__WHAT THIS TASK INVOLVES__:
Would you repeat exactly the part of the listing below that runs from the line containing "Used Ford Focus" down to the line containing "Cabbage sauté with mushrooms", inclusive, and nothing else?

__GIVEN DATA__:
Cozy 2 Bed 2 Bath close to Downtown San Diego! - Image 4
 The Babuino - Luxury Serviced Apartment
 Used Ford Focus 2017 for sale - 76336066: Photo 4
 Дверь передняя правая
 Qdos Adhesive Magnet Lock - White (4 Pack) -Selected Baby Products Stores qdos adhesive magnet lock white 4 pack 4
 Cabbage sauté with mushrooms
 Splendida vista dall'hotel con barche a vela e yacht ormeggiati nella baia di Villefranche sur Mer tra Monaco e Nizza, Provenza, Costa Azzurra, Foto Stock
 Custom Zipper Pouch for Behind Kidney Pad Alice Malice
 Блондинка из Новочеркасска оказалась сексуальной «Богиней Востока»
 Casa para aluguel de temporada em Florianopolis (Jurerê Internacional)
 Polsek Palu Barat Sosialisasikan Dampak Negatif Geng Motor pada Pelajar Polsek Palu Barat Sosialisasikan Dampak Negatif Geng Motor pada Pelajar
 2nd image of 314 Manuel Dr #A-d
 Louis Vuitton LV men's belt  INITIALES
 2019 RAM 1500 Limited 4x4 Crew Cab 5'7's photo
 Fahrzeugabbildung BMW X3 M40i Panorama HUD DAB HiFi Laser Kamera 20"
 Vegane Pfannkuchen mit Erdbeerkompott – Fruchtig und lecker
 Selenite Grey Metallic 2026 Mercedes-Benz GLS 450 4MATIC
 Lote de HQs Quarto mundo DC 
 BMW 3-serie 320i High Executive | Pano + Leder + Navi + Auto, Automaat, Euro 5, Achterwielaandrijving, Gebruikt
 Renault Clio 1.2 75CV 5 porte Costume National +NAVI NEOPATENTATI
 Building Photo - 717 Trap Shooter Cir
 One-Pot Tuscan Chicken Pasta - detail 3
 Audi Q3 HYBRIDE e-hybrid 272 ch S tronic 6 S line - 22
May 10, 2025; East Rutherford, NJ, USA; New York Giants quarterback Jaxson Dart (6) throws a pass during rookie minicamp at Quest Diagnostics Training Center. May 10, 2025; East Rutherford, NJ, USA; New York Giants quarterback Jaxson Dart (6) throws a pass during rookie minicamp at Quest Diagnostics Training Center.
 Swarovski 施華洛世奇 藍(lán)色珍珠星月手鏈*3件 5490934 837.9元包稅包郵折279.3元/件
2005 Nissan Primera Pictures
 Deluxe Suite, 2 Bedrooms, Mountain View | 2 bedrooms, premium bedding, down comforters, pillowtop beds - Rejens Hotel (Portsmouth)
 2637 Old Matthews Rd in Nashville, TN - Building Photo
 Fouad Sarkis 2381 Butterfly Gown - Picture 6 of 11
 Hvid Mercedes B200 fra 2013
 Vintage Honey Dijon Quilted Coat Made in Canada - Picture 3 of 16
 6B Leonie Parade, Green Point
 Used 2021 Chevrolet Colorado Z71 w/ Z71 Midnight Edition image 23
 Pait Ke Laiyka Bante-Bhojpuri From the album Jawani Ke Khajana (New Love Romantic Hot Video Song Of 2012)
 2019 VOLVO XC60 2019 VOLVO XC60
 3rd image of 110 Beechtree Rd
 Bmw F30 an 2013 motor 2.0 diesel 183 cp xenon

__EXERCISE OUTPUT__:
 Used Ford Focus 2017 for sale - 76336066: Photo 4
 Дверь передняя правая
 Qdos Adhesive Magnet Lock - White (4 Pack) -Selected Baby Products Stores qdos adhesive magnet lock white 4 pack 4
 Cabbage sauté with mushrooms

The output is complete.